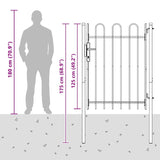 Fence Gate Grey 100 x 120 cm Powder coated steel 42008868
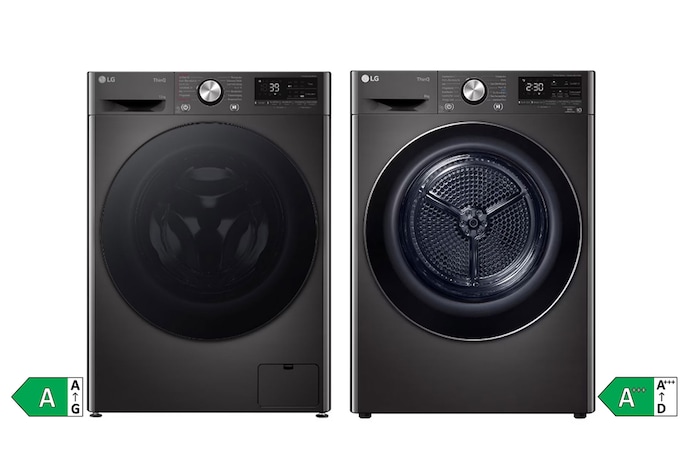 LG Schwarze Waschmaschine (13 kg, 1.400 U./Min.) und Trockner (8 kg) im Set | F4WR703YB.RT80V9B, F4WR703YB.RT80V9B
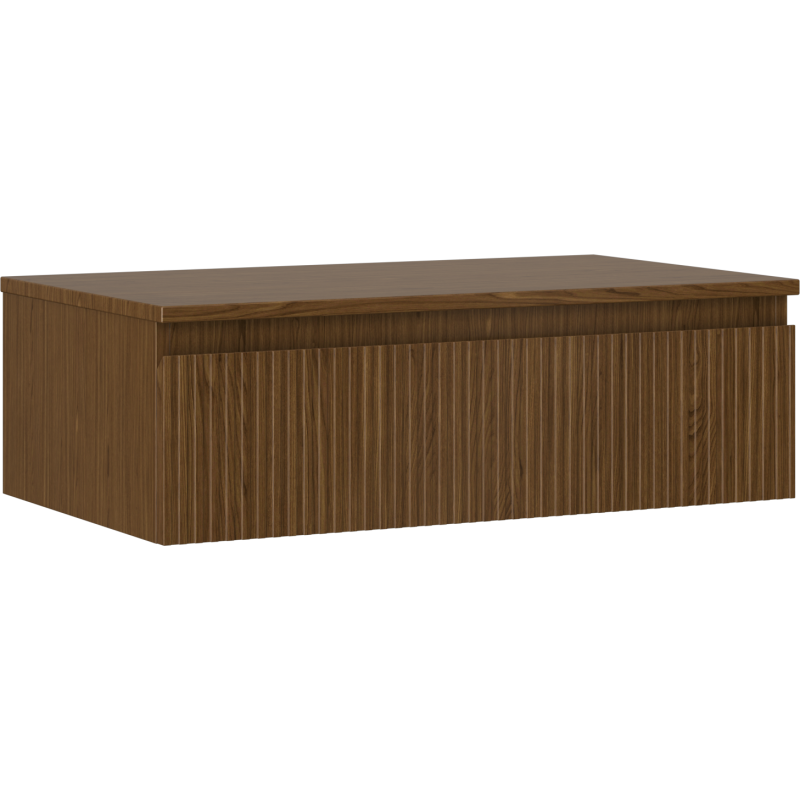 Mexen Rivel koupelnová skříňka pod umyvadlo 80 cm s deskou, 1 zásuvka, drážkovaná, ořech - 91A20-08023-1-BFC86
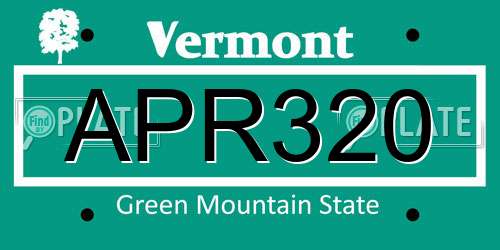APR320 Vermont License Plate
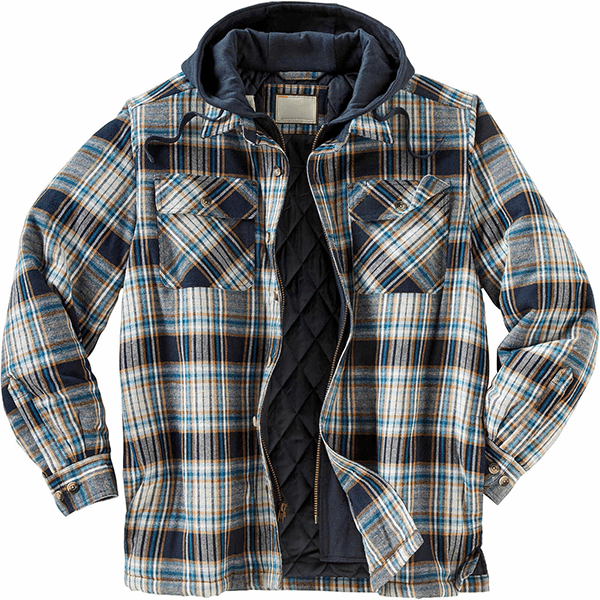 Outdoor Men's Hooded Flannel Shirt Jacket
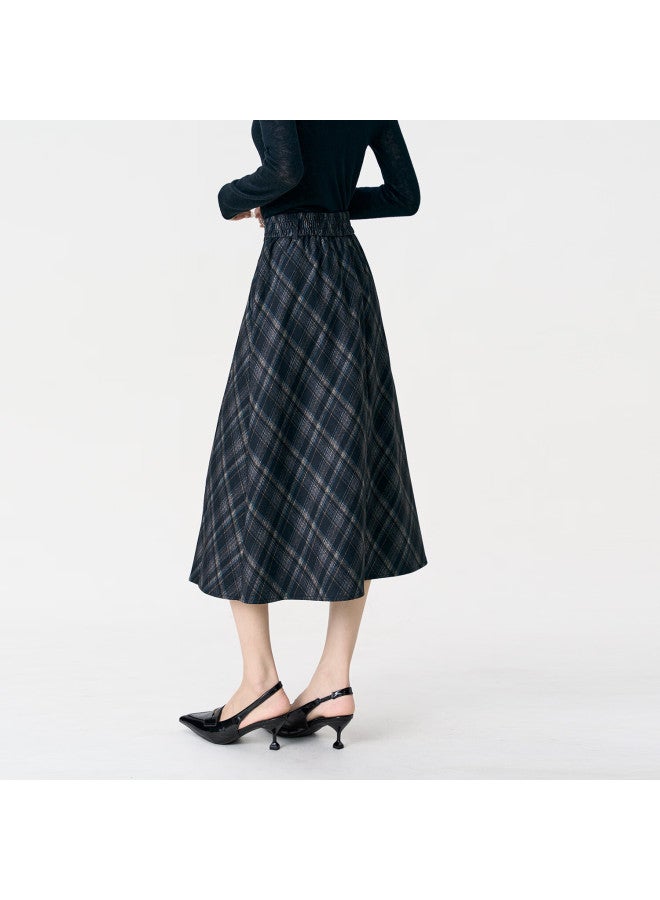 Yanyee Vintage Plaid Slimming Mid-length A-line Skirt For Women  Winter Coffee Plaid XL - Image 3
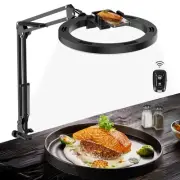 Overhead Camera Mount with Ring Light Phone Holder,10" LED Ring Light for Des...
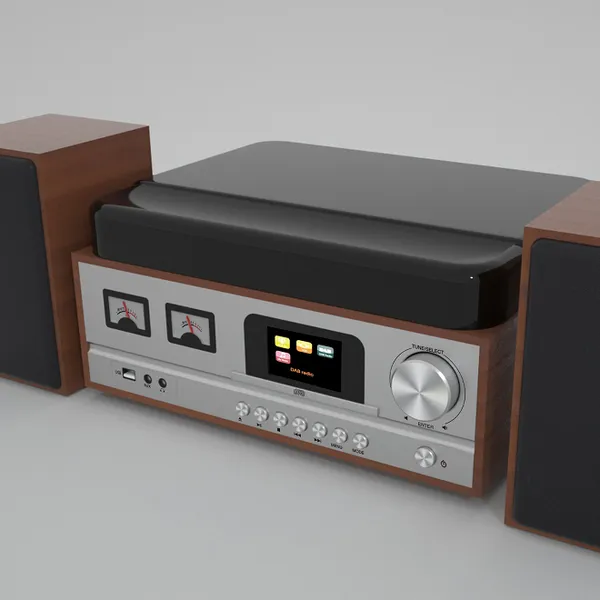 Turntable 7-in-1 Vinyl Turntable De Dl Record Player Vintage Wood With Bluetooth, FM Radio, Integrated Stereo Speakers, CD / MP3 /USB Play & Aux in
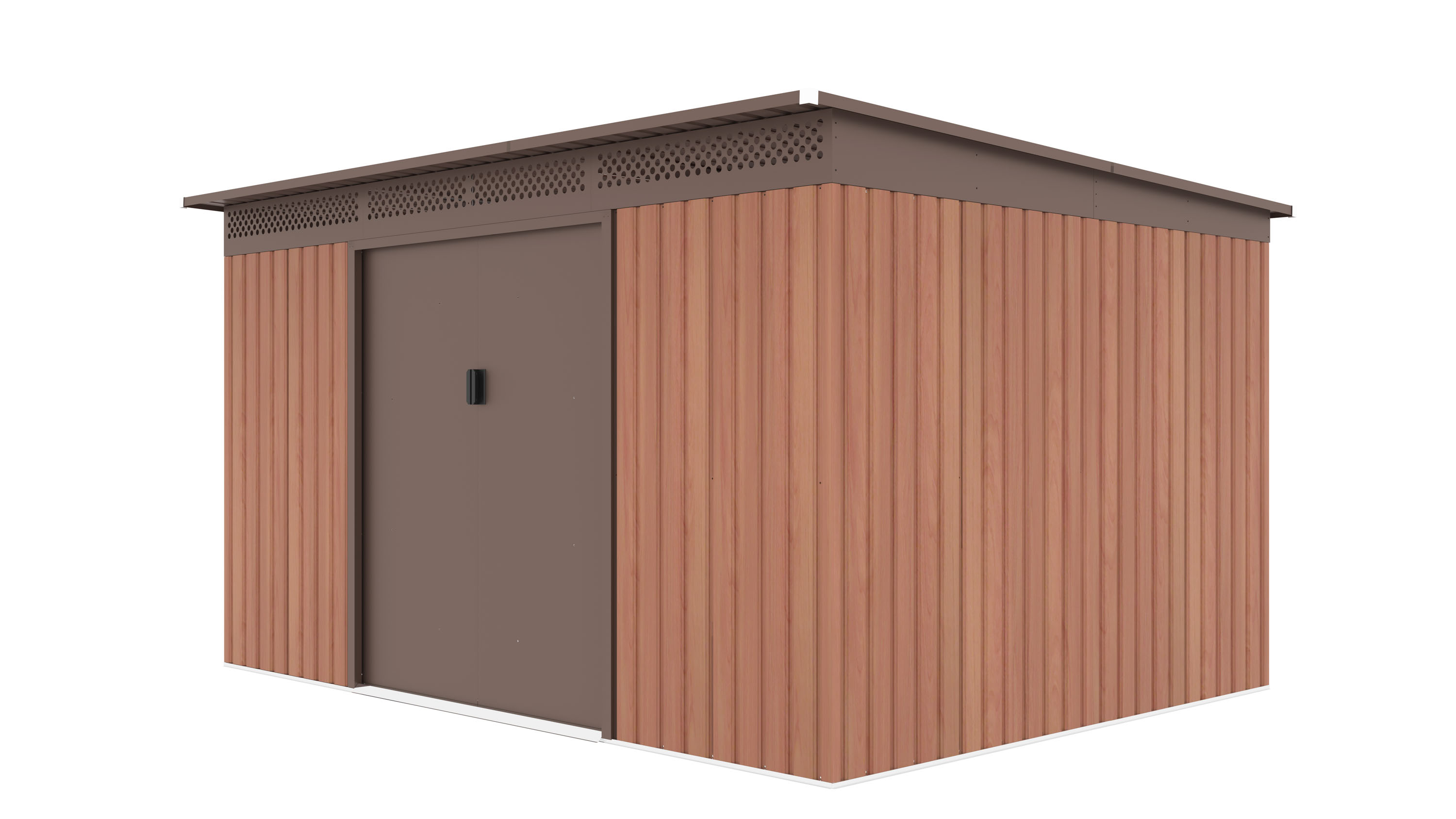 Obrázek galerie pro produkt G21 GRAH 915 hnědý + AKCE+, Zahradní domek na nářadí plechový s pultovou střechou, 340x269cm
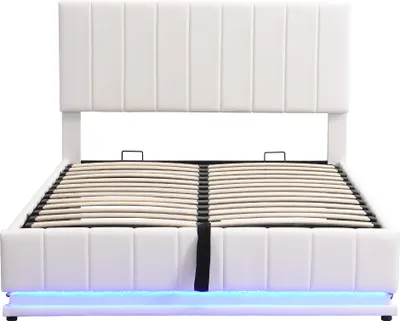 Obrázek produktu pro Čalouněná postel Fortuna Lai 140 x 200 cm s LED osvětlením, kovovým roštem a úložným prostorem, dvojlůžko s výškově nastavitelným čalouněným čelem a hydraulickým úložným prostorem, béžová (bez matrace)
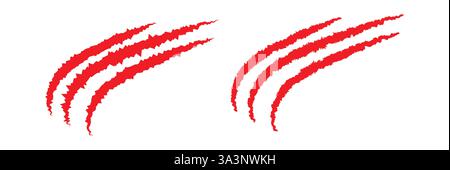 Vektorgrafik Kralle kratzen. Set von grausamen Tier Kratzer Horror und Grunge Konzept in Silhouette auf weißem Hintergrund isoliert. Stock Vektor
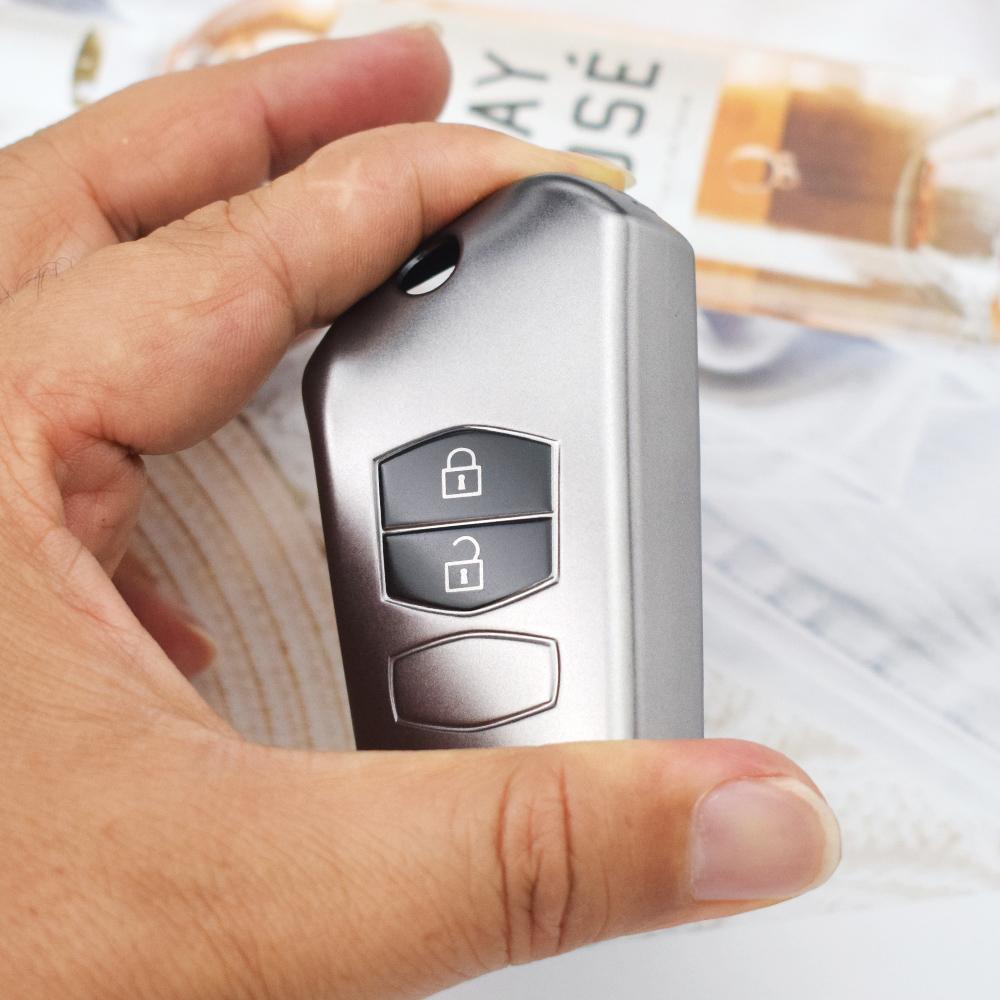 2 кнопки ТПУ складной откидной ключ-брелок для MAZDA 2 3 5 6 MX5 автомобильный чехол для пульта дистанционного управления крышка автоаксессуары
____
▶ _Exercise aim_: Using the records above, return word for word the lines that begin at the one containing "Yanyee Vintage Plaid" and end at the one containing "Obrázek produktu pro", both of them included and no pictures.

▶ _Task result_:
 Yanyee Vintage Plaid Slimming Mid-length A-line Skirt For Women  Winter Coffee Plaid XL - Image 3
 Overhead Camera Mount with Ring Light Phone Holder,10" LED Ring Light for Des...
 Turntable 7-in-1 Vinyl Turntable De Dl Record Player Vintage Wood With Bluetooth, FM Radio, Integrated Stereo Speakers, CD / MP3 /USB Play & Aux in
 Obrázek galerie pro produkt G21 GRAH 915 hnědý + AKCE+, Zahradní domek na nářadí plechový s pultovou střechou, 340x269cm
 Obrázek produktu pro Čalouněná postel Fortuna Lai 140 x 200 cm s LED osvětlením, kovovým roštem a úložným prostorem, dvojlůžko s výškově nastavitelným čalouněným čelem a hydraulickým úložným prostorem, béžová (bez matrace)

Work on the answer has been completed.